She was timid and tiny framed. 21 years old. She brought along her 14 year old sister Anita, even smaller, more frail looking. We sat together and talked as both girls picked lightly at the plates in front of them, shifting from one side to the other, stealing glances at each other as I tried to gather more information about their circumstance. 

They explained that their mother, Phoolmaya, had injured her leg when a piece of their house came crashing down upon it during the earthquake, leaving her unable to continue on with her job as a laborer, breaking stones for concrete. Their father, whom Anu said had exhausted what little resources their family had on alcohol and other vices, had not been seen since the earthquake.

At this point they did not know whether he was even alive.

They had a 20 year old brother who was making some money through ironwork, and a 5 year old sister, Anjika. Rent for the room they were staying in had not been paid since May, and if they did not come up with the money in the coming week, their landlord would evict them onto the street.

Even through all of Anu and Anita’s words, I had my doubts. While it seemed obvious that both girls were malnourished and underweight, they were dressed somewhat nicely (Later on I would note that they wore the same clothes almost every time we met), and I questioned things like Anu’s consistent use of social media through a cell phone amidst her insisting that their family had no money for food in the house.

As we left the restaurant, we made our way to their home. This, I reasoned, would be the best way to really assess what their level of need was ~ To see with my own eyes the conditions they were living in.

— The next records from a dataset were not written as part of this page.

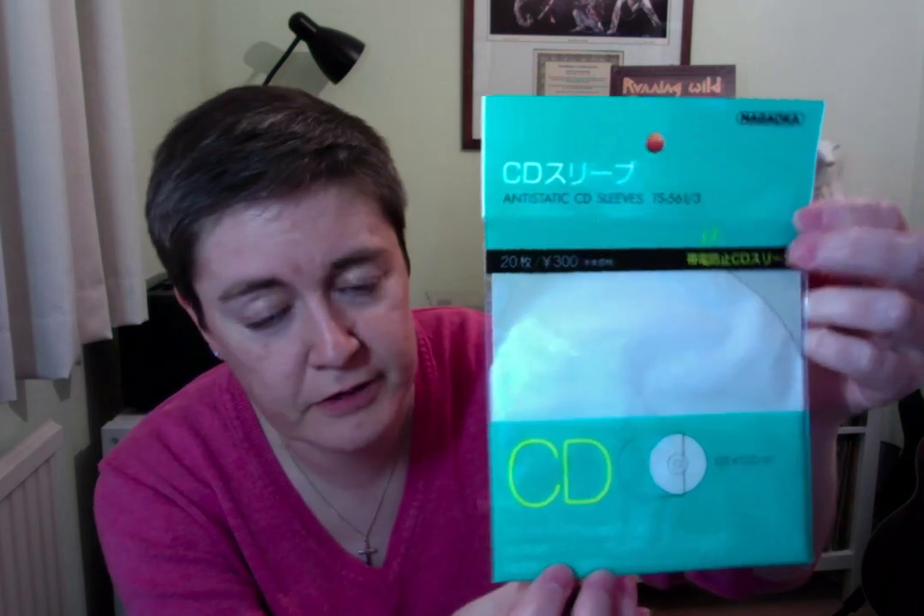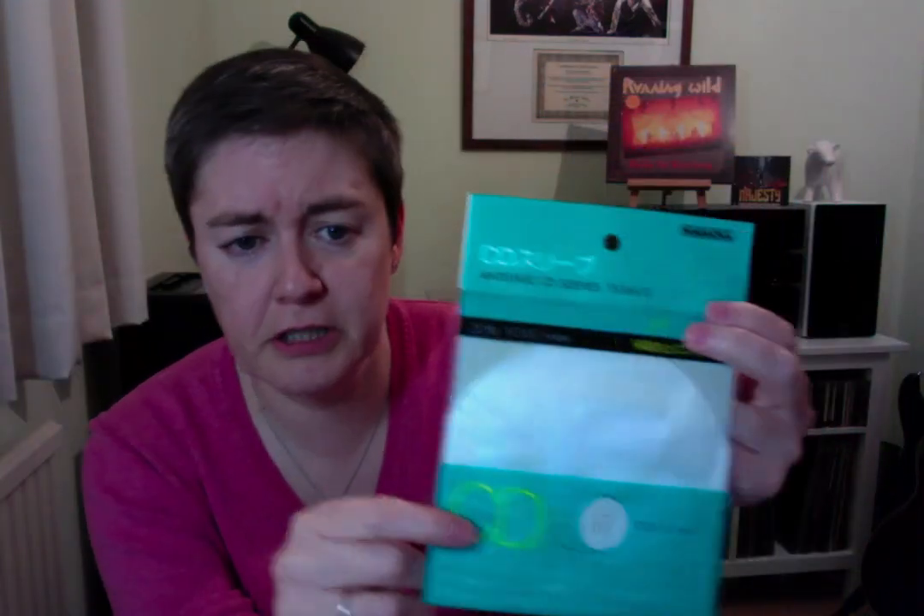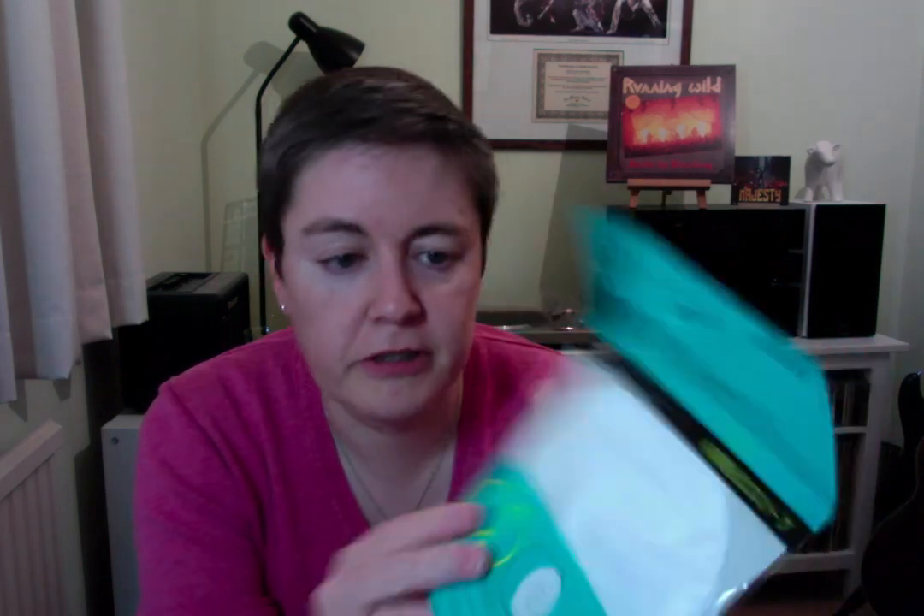So I'll just get right on with it. This is them — the CD inner sleeves, it's just like the inner sleeves for records. They are anti-static apparently, and they're from the company Nagaoka, who I have used the 12-inch record sleeves from before. The record sleeves are quite expensive, but these I got on eBay. The seller is located in Japan but there was free shipping and they were relatively cheap, and the price came down a little bit if you bought 2, 3, or 4 packets. I got 2 packets and you get 20 inner sleeves in a pack, so I got 40 for about £5.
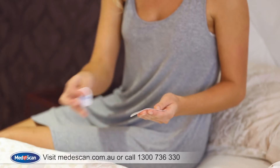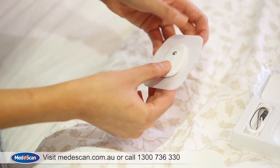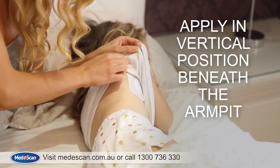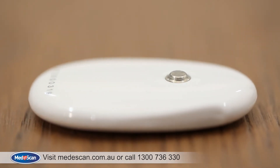Use the adhesive tape provided to attach the SmartScan thermometer to the patient. Apply the adhesive tape on the MediScan logo side of the SmartScan thermometer. Now apply the SmartScan thermometer in a vertical position beneath the armpit, making sure the silver sensor makes good contact with the skin.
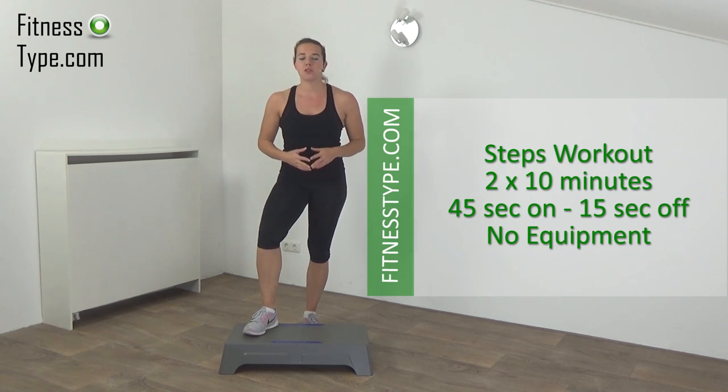Hi, our workout for today is a 20-minute steps workout. Each exercise will be 45 seconds on, 15 seconds off, and you will have a short water break halfway.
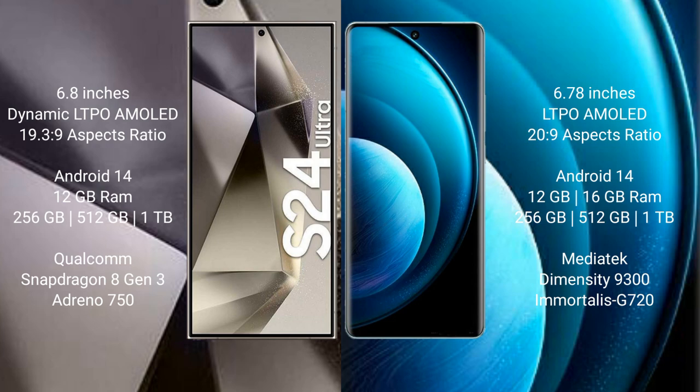The Samsung Galaxy S24 Ultra runs on the Android 14 operating system. The Vivo X100 Pro also runs on the Android 14 operating system. The Samsung Galaxy S24 Ultra comes with 12GB RAM and 256GB, 512GB, or 1TB internal storage.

The steps inside of the building were difficult to navigate in the dark, and as I held tight to the railing for guidance, the deafening sound of dogs barking through the iron bars behind an alternate set of steps to another floor echoed and bounced through the sparse concrete stairway.

Anu led us to the doorway of their family’s room, directly across the hall from the dogs behind the iron bars, barking and howling loudly against the steps ~ How does anyone in the family sleep? I wondered.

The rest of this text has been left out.